(Beginning of Source information)
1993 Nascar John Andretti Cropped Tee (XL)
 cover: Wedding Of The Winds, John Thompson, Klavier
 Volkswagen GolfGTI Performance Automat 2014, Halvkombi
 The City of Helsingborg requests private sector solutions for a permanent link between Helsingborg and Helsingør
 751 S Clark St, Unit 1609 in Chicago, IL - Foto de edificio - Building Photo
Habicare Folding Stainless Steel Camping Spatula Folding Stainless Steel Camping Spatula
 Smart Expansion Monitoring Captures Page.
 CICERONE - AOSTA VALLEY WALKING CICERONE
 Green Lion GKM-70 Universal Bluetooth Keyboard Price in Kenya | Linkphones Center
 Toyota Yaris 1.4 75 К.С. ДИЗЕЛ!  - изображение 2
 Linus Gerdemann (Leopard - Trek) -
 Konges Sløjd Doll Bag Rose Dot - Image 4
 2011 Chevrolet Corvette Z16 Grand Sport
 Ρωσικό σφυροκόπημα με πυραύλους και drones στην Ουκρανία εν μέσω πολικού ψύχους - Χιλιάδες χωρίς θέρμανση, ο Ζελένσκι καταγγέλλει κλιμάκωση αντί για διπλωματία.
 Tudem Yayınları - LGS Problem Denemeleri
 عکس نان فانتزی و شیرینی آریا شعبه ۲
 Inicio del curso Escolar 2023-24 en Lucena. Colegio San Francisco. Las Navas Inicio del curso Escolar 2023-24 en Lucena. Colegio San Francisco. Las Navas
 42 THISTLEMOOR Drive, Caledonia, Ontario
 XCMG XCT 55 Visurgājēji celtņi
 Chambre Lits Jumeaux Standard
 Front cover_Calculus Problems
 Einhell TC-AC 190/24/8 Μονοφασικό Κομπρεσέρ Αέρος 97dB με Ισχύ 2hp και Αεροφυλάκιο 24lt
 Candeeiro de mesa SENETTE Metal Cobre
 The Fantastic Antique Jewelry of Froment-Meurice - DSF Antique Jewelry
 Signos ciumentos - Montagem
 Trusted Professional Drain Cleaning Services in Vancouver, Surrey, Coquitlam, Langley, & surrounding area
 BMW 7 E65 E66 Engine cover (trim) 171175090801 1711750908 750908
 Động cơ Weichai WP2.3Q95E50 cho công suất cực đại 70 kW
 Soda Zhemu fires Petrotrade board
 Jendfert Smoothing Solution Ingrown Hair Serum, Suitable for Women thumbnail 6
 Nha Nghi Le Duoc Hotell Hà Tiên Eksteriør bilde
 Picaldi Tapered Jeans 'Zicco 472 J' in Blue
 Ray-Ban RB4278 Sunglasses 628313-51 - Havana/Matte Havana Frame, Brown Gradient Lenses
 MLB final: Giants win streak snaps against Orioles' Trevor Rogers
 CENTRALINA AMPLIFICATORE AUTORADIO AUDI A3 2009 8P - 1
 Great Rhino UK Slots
(End of Source information)
*Aim of the exercise*
Exact copies of every record above are required.

*The answer*
1993 Nascar John Andretti Cropped Tee (XL)
 cover: Wedding Of The Winds, John Thompson, Klavier
 Volkswagen GolfGTI Performance Automat 2014, Halvkombi
 The City of Helsingborg requests private sector solutions for a permanent link between Helsingborg and Helsingør
 751 S Clark St, Unit 1609 in Chicago, IL - Foto de edificio - Building Photo
Habicare Folding Stainless Steel Camping Spatula Folding Stainless Steel Camping Spatula
 Smart Expansion Monitoring Captures Page.
 CICERONE - AOSTA VALLEY WALKING CICERONE
 Green Lion GKM-70 Universal Bluetooth Keyboard Price in Kenya | Linkphones Center
 Toyota Yaris 1.4 75 К.С. ДИЗЕЛ!  - изображение 2
 Linus Gerdemann (Leopard - Trek) -
 Konges Sløjd Doll Bag Rose Dot - Image 4
 2011 Chevrolet Corvette Z16 Grand Sport
 Ρωσικό σφυροκόπημα με πυραύλους και drones στην Ουκρανία εν μέσω πολικού ψύχους - Χιλιάδες χωρίς θέρμανση, ο Ζελένσκι καταγγέλλει κλιμάκωση αντί για διπλωματία.
 Tudem Yayınları - LGS Problem Denemeleri
 عکس نان فانتزی و شیرینی آریا شعبه ۲
 Inicio del curso Escolar 2023-24 en Lucena. Colegio San Francisco. Las Navas Inicio del curso Escolar 2023-24 en Lucena. Colegio San Francisco. Las Navas
 42 THISTLEMOOR Drive, Caledonia, Ontario
 XCMG XCT 55 Visurgājēji celtņi
 Chambre Lits Jumeaux Standard
 Front cover_Calculus Problems
 Einhell TC-AC 190/24/8 Μονοφασικό Κομπρεσέρ Αέρος 97dB με Ισχύ 2hp και Αεροφυλάκιο 24lt
 Candeeiro de mesa SENETTE Metal Cobre
 The Fantastic Antique Jewelry of Froment-Meurice - DSF Antique Jewelry
 Signos ciumentos - Montagem
 Trusted Professional Drain Cleaning Services in Vancouver, Surrey, Coquitlam, Langley, & surrounding area
 BMW 7 E65 E66 Engine cover (trim) 171175090801 1711750908 750908
 Động cơ Weichai WP2.3Q95E50 cho công suất cực đại 70 kW
 Soda Zhemu fires Petrotrade board
 Jendfert Smoothing Solution Ingrown Hair Serum, Suitable for Women thumbnail 6
 Nha Nghi Le Duoc Hotell Hà Tiên Eksteriør bilde
 Picaldi Tapered Jeans 'Zicco 472 J' in Blue
 Ray-Ban RB4278 Sunglasses 628313-51 - Havana/Matte Havana Frame, Brown Gradient Lenses
 MLB final: Giants win streak snaps against Orioles' Trevor Rogers
 CENTRALINA AMPLIFICATORE AUTORADIO AUDI A3 2009 8P - 1
 Great Rhino UK Slots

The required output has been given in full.